Top Gear review: Same shtick, different cast as Chris Evans and Matt LeBlanc take on Jeremy Clarkson's mantle

Do they really think there is anything novel about taking the mickey out of Reliant three-wheelers?

Sean O'Grady
Sunday 29 May 2016 21:29

The new Top Gear can be easily summed up: Same shtick, different presenters.

It's a technique very familiar to the world's car companies. A particular model has been out for a while and starts to seem a bit old-fashioned. However, it is very expensive indeed to engineer a whole new model. So they keep the engine, brakes, transmission and all the complicated electronics and mechanical stuff, and instead give it some new bodywork, hoping the buyers won't notice or care. Then they call it "The New Renault Wombat", or whatever, and then hype it up. (Just to be clear: although they do make something called a Kangoo, there is no Renault Wombat. You can, though buy a Skoda Yeti, but I digress).

Thus, the much-hyped "new" Top Gear. It's the same mix as before, pretty much: Obscure, not always interesting cars, that no-one much can afford to buy, filmed in expensive locations that most Top Gear viewers can only dream about visiting. Stunts. Stupid stunts.
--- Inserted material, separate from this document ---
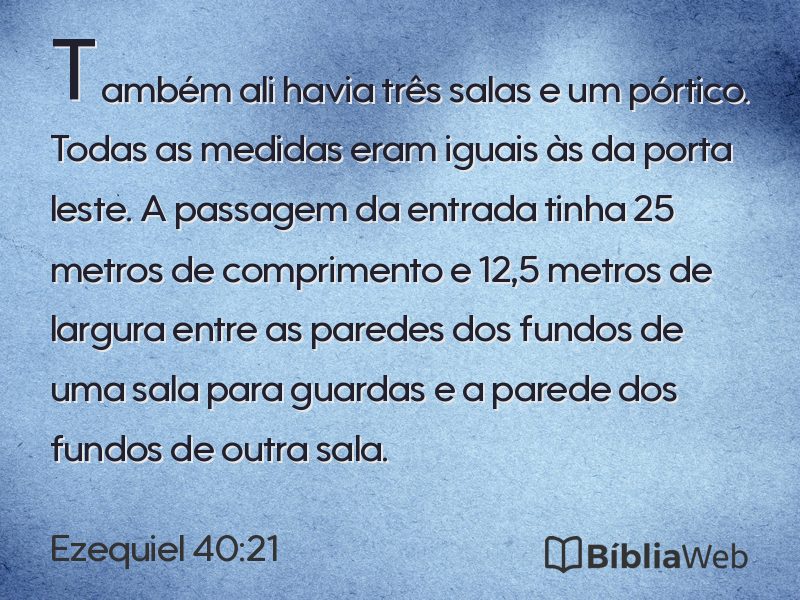 Ezequiel 40:21 em imagem para compartilhar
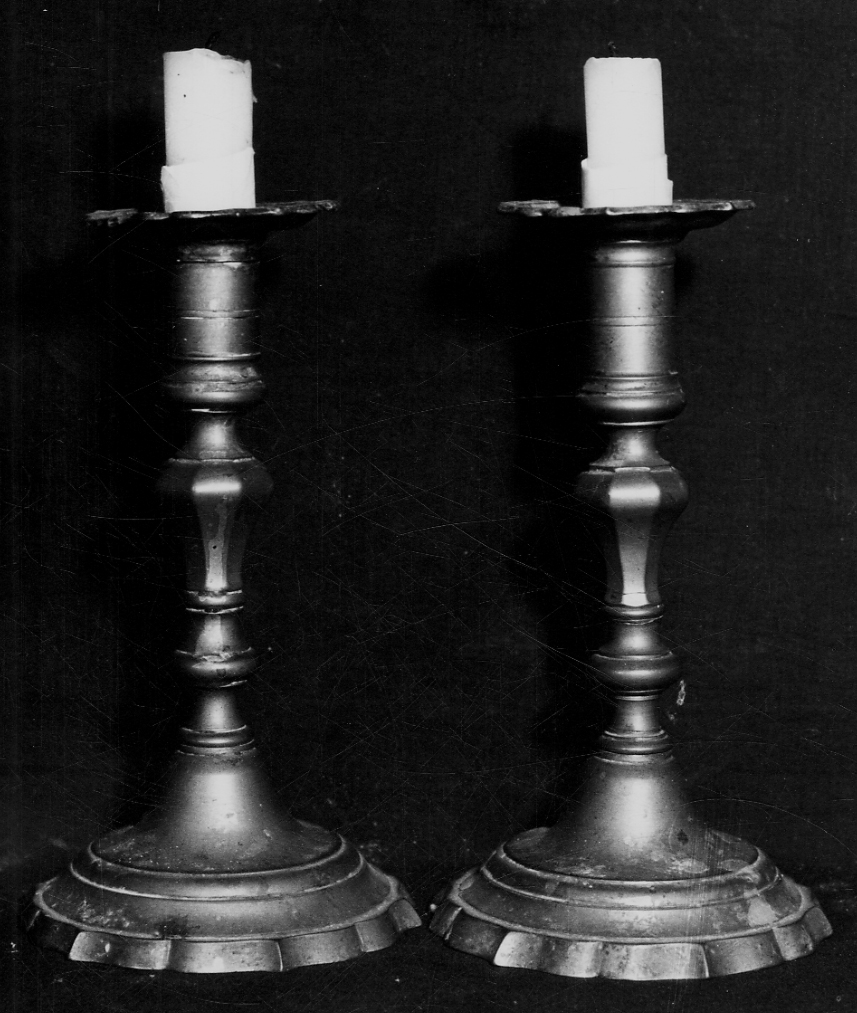 candeliere, serie - bottega vercellese (sec. XVIII)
Dreadful cliche-packed items that are as worn out as bald tyres.

New Top Gear series clips

Do they really think there is anything novel about taking the mickey out of Reliant three-wheelers, cars long since passed into history and a feature of British comedic life since at least when Del Boy acquired one in 1982? Or that driving a small car into the back of a transporter while on the move hadn't already been done (better) in The Italian Job (1967). As for jokes about Blackpool, I think they've been doing those since before the war. Les Dawson certainly got there before Chris Evans. (Probably in his Rolls-Royce Silver Shadow. I digress again). The Lord Mayor of Blackpool was game enough, though.

There is a female presenter now, Sabine Schmitz, a proper racing driver, but that doesn't mean the casual sexism completely eradicated. Matt LeBlanc told us excitedly that the Ariel Nomad, a sort of go kart for off roading, weighs as much "as your mom's G-string". He adds that, apparently driving the Ariel is also "the most fun you can have with your clothes on". God help us if they think that sort of writing deserves a Bafta. I reckon Blanc should go back to Warner Brothers and stick to doing the voices for Bugs Bunny and Barney Rubble.

Chris Evans is just annoying. I couldn't care less about whether he thinks the Dodge Viper is better than the Chevrolet ZO6, because I've seen them compared before and they're much the same anyway. Much the same goes for the original Land Rover v Willys Jeep segment. The "star in a reasonably priced car" bit has been scrapped, replaced with a Mini on a rallycross circuit, to no great obvious advantage.

It is all pointless, hackneyed and tired. Yes, I realise that is like Top Gear always has been, but what spark of originality there once was is now missing. They don't seem to be having as much fun playing with cars, this new lot.

Before Jeremy Clarkson decided to thump a producer, some of the Top Gear production team had hinted that the show might be in need of a refresh, just as Clarkson and producer Andy Wilman revived it when they revolutionised it back in 2002. Well, the old show certainly got that. But rather like a car maker's bungled relaunch of a fading model line, it's all just a bit embarrassing.